— Exercise details —
In the records below, find the line with "Éléphant en albâtre, pierre" and the line with "Audi RS7 Hatchback 4.0 Black #28". Print both exactly, along with every line between them, and no other line.

— Supplied material —
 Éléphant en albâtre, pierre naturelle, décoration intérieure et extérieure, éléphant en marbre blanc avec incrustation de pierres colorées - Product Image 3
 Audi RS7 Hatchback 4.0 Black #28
---
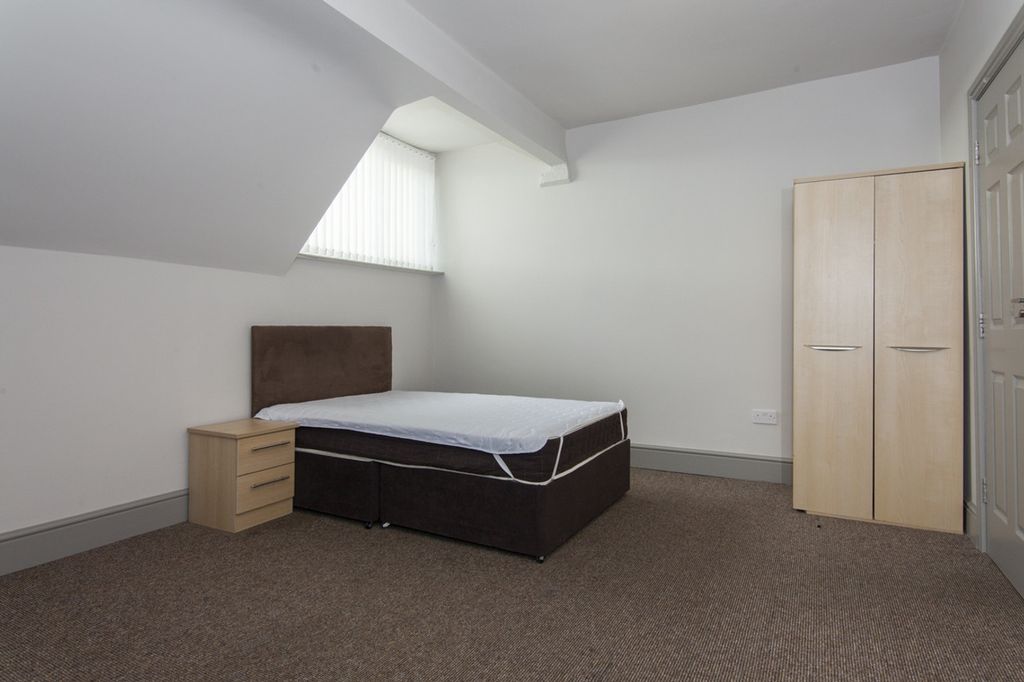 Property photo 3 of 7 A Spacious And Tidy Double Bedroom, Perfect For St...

— Problem solution —
 Éléphant en albâtre, pierre naturelle, décoration intérieure et extérieure, éléphant en marbre blanc avec incrustation de pierres colorées - Product Image 3
 Audi RS7 Hatchback 4.0 Black #28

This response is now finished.